Steve-O says his late mother still sends him signs
Along the way, Steve-O has experienced many losses, including Jackass' Ryan Dunn in 2011. In an old interview, Steve-O shared he believed that dying “has to be okay." When I asked if he's ever gotten a sign from a loved one that has let him know it's okay, he revealed, “I got a sign from my mom.”
His mother, Donna Gay Glover, died in November 2003, and for years, he and his sister didn’t know what to do with her ashes. They sat untouched in his sister's closet until years later, when his father visited a psychic.
“The psychic said to him, ‘Your first wife needs to be set free," Steve-O explained. The psychic had no way of knowing his father had a first wife, let alone that she had passed or that her ashes had never been scattered.
When his father told them, Steve-O and his sister spread their mother’s ashes at sea. Then came the sign - “When we got back to land after scattering her ashes at sea, my sister and I were driving home in two separate cars. And as we got on the highway, there were two rainbows.”
“I’ve never seen that in my life,” he said. “I’ve never seen complete full rainbows side by side. It was like one for me and one for my sister.” Now every rainbow carries meaning, especially when he's surfing. “Every time that I see a rainbow, particularly if I’m in the ocean, I take that as a sign from my mom.”

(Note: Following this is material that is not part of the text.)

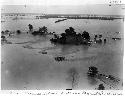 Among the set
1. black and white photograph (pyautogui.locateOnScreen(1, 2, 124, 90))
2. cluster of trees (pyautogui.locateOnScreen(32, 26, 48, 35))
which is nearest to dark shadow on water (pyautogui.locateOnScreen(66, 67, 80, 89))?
black and white photograph (pyautogui.locateOnScreen(1, 2, 124, 90))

By that point, the conversation had moved far beyond Jackass, and Steve-O began speaking about death like a philosopher. “Not only does it have to be okay to be dead,” he said, “it’s impossible that anything could not be okay about it," he said. “We are the universe experiencing itself," he shared. “We are expressions of pure love, every single one of us. And as counterintuitive as that feels at times, it’s the reality.”
“There’s no such thing as a drop of water ever not being the ocean. There’s no such thing as a wave ever not being the ocean. There’s no such thing as any of us not being God," he continued. “When they say you can’t bring anything with you when you die, that’s not true,” he said. “You bring every thought, word, and deed.”
Steve-O remembers Oliver Tree
As Steve-O spoke about death, he was wearing a shirt covered in photos of Oliver Tree, an incredible singer and artist, and his friend, who passed away on June 14, 2026, in a helicopter accident in Brazil. When asked what made Tree so special, Steve-O began by dismantling the clichés people often rely on after someone dies.
“In general, whenever anybody dies, all of a sudden they lit up the room, they would give the shirt off their back to help another person," he said with a laugh. “It’s almost annoying how everyone’s so wonderful as soon as they die.”
Then his tone softened. “In the case of Oliver Tree, even in life, nobody was as enthusiastic for creative endeavors.” Steve-O described a friendship rooted in genuine care that existed far away from cameras, content, and public performance.
“We would get together with no cameras, no social media. He would just check on me, like, ‘Hey man, how you doing?’” Those moments became deeply personal. “We would open up to each other about like, ‘Man, my ticket sales are struggling,’ things like that. There was a really, really personal connection," he shared.
“It was all his initiative, too. All of his initiative to reach out and always stay in contact. The world lost a real, real treasure. It's touching. The outpouring of love for him goes beyond the cliche, 'he lit up the room.' Like a lot of people, really described what he was actually like, and he was beyond special," Steve-O added.
That loss clearly reshaped the way he thinks about legacy. When I asked beyond the stunts, the chaos, and the mythology of Jackass, how does Steve-O hope people remember him? His answer came quickly and with brutal honesty. “If I die right now, f**k, I’m just not as good a dude as Oliver was," he said. “I gotta really try to be a good… it doesn’t come so naturally to me.”
When he looks at his life in totality, he says he feels grateful for what he calls “the trajectory of improvement.” He translated that growth into, “I’m consistently less and less of a piece of s**t as I go.”